=== DATASET RECORDS ===
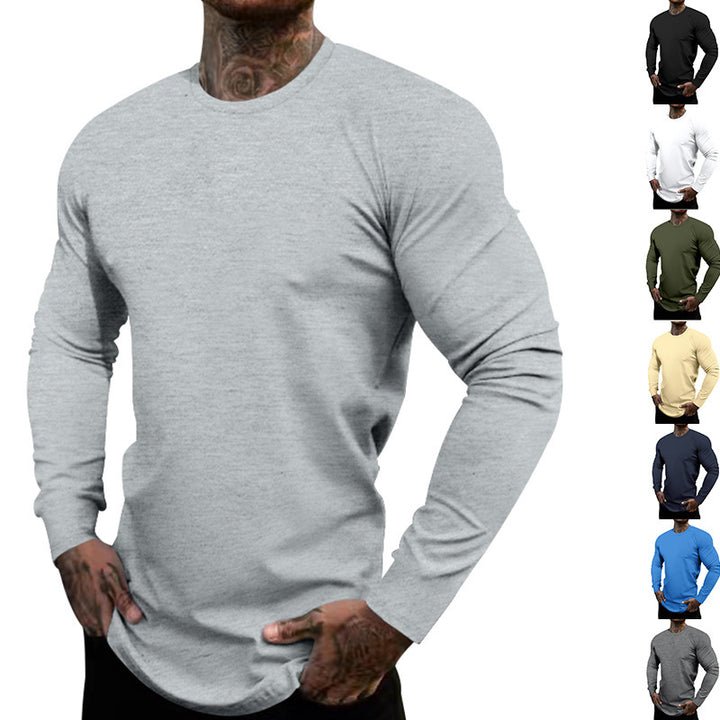 Men's long-sleeve T-shirt made of cotton blend with elastic fit and moisture-wicking technology Lisslune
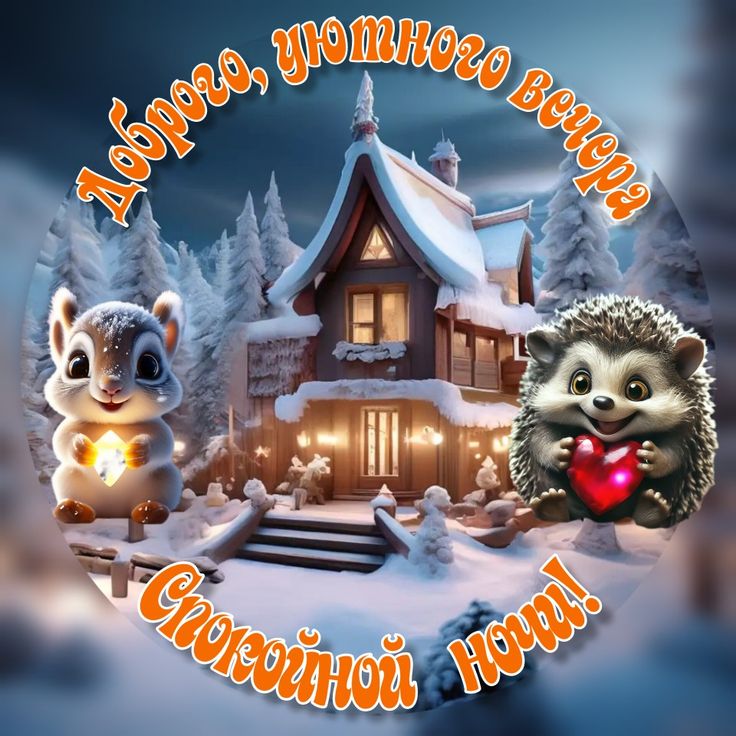 Открытка «Спокойной ночи»: Доброго, уютного вечера и спокойной ночи. Тэги: Отличного настроения, пожелание, милый…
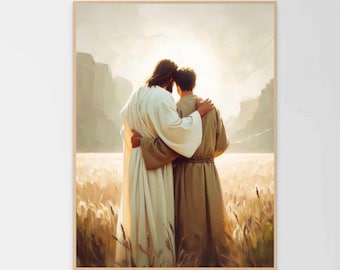 Lui ti guida, Arte cristiana, Gesù con un uomo, Arte di Gesù, Arte LDS, Arte biblica, Gesù abbraccia un uomo, Dipinto cristiano, Stampe di Gesù, Gesù PNG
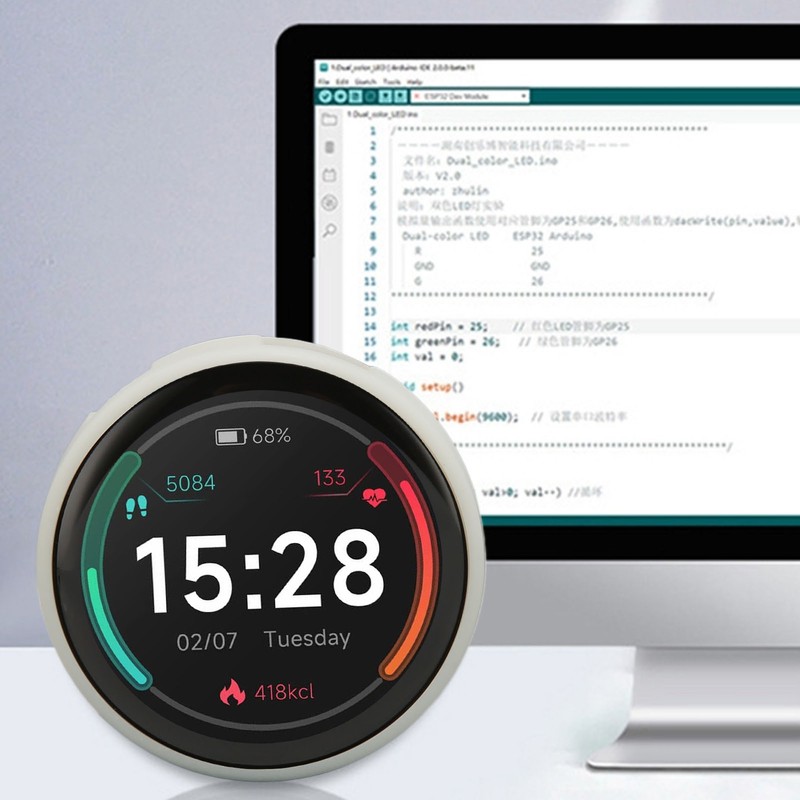 1.28inch Round LCD Module Dual Core CPU 100mA 5V 240x240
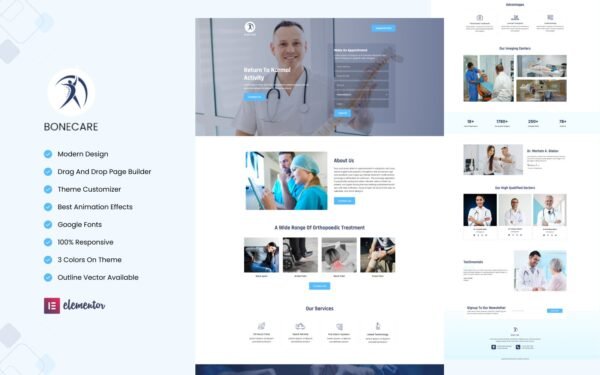 Bonecare – Orthopaedic Treatments Elementor Landing Page Elementor Kit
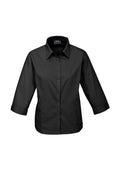 Womens Base 3/4 Sleeve Shirt - Black ||SRC=https://cdn.fashionbizapps.nz/honeybee/images/S10521_bProduct_Black_01_w532x7P.jpg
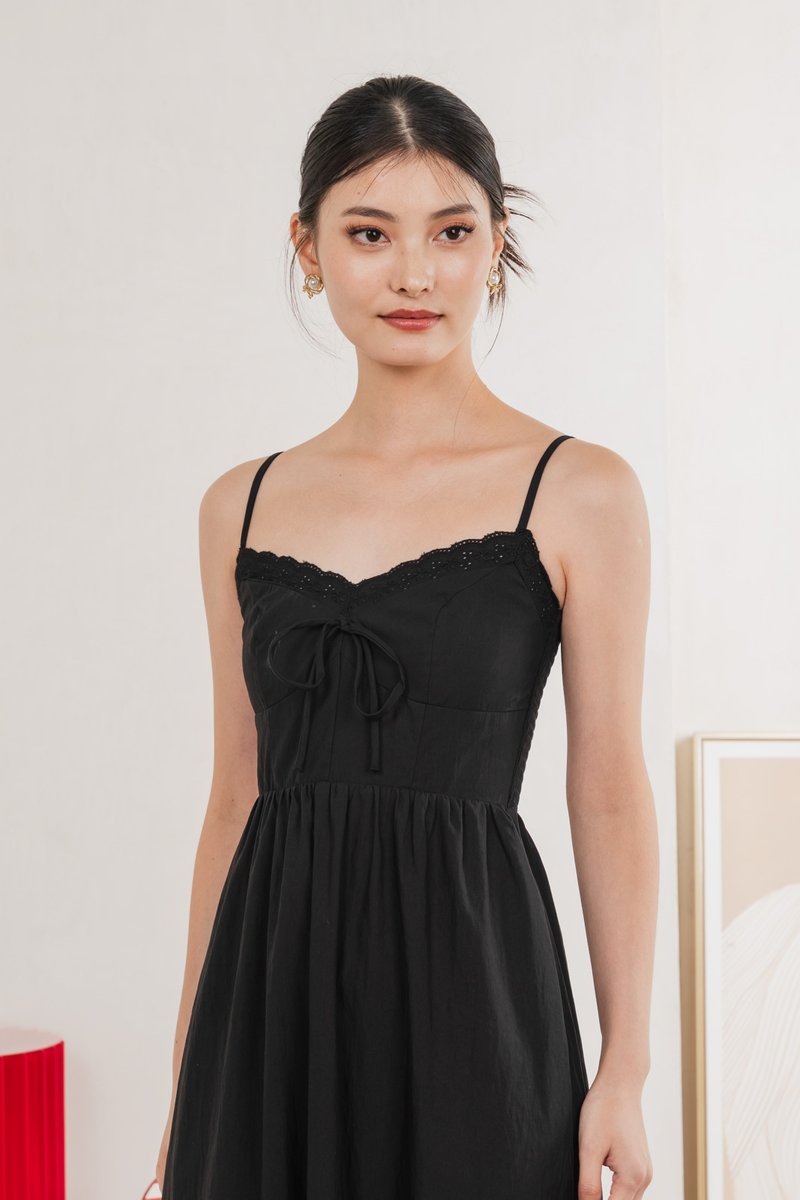 Arancia Lace Ribbon Camisole Midi Dress In Black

=== AIM OF THE TASK ===
Output all the data, exactly, without images.

=== TASK ANSWER ===
 Men's long-sleeve T-shirt made of cotton blend with elastic fit and moisture-wicking technology Lisslune
 Открытка «Спокойной ночи»: Доброго, уютного вечера и спокойной ночи. Тэги: Отличного настроения, пожелание, милый…
 Lui ti guida, Arte cristiana, Gesù con un uomo, Arte di Gesù, Arte LDS, Arte biblica, Gesù abbraccia un uomo, Dipinto cristiano, Stampe di Gesù, Gesù PNG
 1.28inch Round LCD Module Dual Core CPU 100mA 5V 240x240
 Bonecare – Orthopaedic Treatments Elementor Landing Page Elementor Kit
 Womens Base 3/4 Sleeve Shirt - Black ||SRC=https://cdn.fashionbizapps.nz/honeybee/images/S10521_bProduct_Black_01_w532x7P.jpg
 Arancia Lace Ribbon Camisole Midi Dress In Black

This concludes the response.